How verification works at replay time¶
- Mneme restores the recorded prologue device memory state.
- The kernel is recompiled and executed.
- For every recorded memory blob, Mneme dispatches a GPU comparison
kernel that applies the
BuiltinDType,ThresholdKind, andNormstored in the blob's annotation metadata. - If all blobs pass, the replay result reports
"verified": true.
Buffers that were not annotated fall back to the default byte-wise
comparison (equivalent to threshold = 0, Norm::None).
Complete example¶
The following program annotates two device buffers with different tolerances and records two kernel launches, each capturing a distinct annotation state.
#include <cstdlib>
#include <iostream>
#include "mneme/MnemeAnnotation.hpp"
// Use DeviceTraits or plain CUDA/HIP runtime calls.
#ifdef __ENABLE_CUDA__
#include <cuda_runtime.h>
#define gpuMalloc cudaMalloc
#define gpuMemset cudaMemset
#define gpuFree cudaFree
#define gpuSync cudaDeviceSynchronize
#elif defined(__ENABLE_HIP__)
#include <hip/hip_runtime.h>
#define gpuMalloc hipMalloc
#define gpuMemset hipMemset
#define gpuFree hipFree
#define gpuSync hipDeviceSynchronize
#endif
template <typename T>
__global__ void vecAdd(T *in, T *out, size_t n) {
auto tid = threadIdx.x + blockIdx.x * blockDim.x;
if (tid < n)
out[tid] += in[tid] + tid;
}
int main(int argc, const char *argv[]) {
size_t N = std::atoi(argv[1]);
double *in = nullptr, *out = nullptr;
gpuMalloc((void **)&in, N * sizeof(double));
gpuMalloc((void **)&out, N * sizeof(double));
gpuMemset(in, 0, N * sizeof(double));
gpuMemset(out, 0, N * sizeof(double));
// Annotate both pointers before the first recorded launch.

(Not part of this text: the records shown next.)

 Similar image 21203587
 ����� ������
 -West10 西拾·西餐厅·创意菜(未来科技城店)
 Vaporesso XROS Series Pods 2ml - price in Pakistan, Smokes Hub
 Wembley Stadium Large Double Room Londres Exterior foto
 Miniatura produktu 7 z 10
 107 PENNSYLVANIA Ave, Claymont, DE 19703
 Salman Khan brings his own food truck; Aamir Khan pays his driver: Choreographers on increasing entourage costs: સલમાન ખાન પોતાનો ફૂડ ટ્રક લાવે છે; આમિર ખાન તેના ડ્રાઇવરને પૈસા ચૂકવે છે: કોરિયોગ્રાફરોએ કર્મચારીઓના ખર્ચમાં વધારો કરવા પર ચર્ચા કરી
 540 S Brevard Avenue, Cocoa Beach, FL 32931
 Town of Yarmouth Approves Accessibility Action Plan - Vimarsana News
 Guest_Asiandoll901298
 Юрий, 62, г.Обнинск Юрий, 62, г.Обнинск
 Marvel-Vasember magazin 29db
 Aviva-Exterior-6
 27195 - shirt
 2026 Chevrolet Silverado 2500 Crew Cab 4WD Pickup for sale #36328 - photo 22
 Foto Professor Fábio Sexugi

mneme::annotate(in, mneme::Metadata{
.builtin = mneme::BuiltinDType::F64,
.threshold = 0.125,
.threshold_kind = mneme::ThresholdKind::Absolute,
.norm = mneme::Norm::L2,
.tag = std::string("in_vec"),
});
mneme::annotate(out, mneme::Metadata{
.builtin = mneme::BuiltinDType::F64,
.threshold = 0.01,
.threshold_kind = mneme::ThresholdKind::Relative,
.norm = mneme::Norm::Linf,
.tag = std::string("out_loose"),
});
vecAdd<<<4, 128>>>(in, out, N);
gpuSync();
// Update the annotation for the next launch.
mneme::annotate(out, mneme::Metadata{
.builtin = mneme::BuiltinDType::F64,
.threshold = 0.005,
.threshold_kind = mneme::ThresholdKind::Relative,
.norm = mneme::Norm::Linf,
.tag = std::string("out_tight"),
});
vecAdd<<<8, 64>>>(in, out, N);
gpuSync();
gpuFree(in);
gpuFree(out);
return 0;
}
Record, replay, and verify as usual:
mneme record -rdb db/ -- ./vecAddAnnotations 1024
mneme replay -rdb db/<static-hash>.json -rid <dynamic-hash> "default<O3>"
The replay JSON result will contain "verified": true when the
replayed epilogue satisfies every annotated buffer's tolerance.
Summary¶
| Concept | Description |
|---|---|
mneme::annotate(ptr, md) |
Attach verification metadata to a device pointer |
BuiltinDType |
Scalar type used to interpret buffer contents |
ThresholdKind |
Absolute or relative error formula |
Norm |
Per-element (None) or aggregate (L1, L2, Linf) comparison |
tag |
Optional label for diagnostics |
Annotations are recorded once and applied automatically on every replay. Buffers without annotations continue to use the default byte-wise comparison.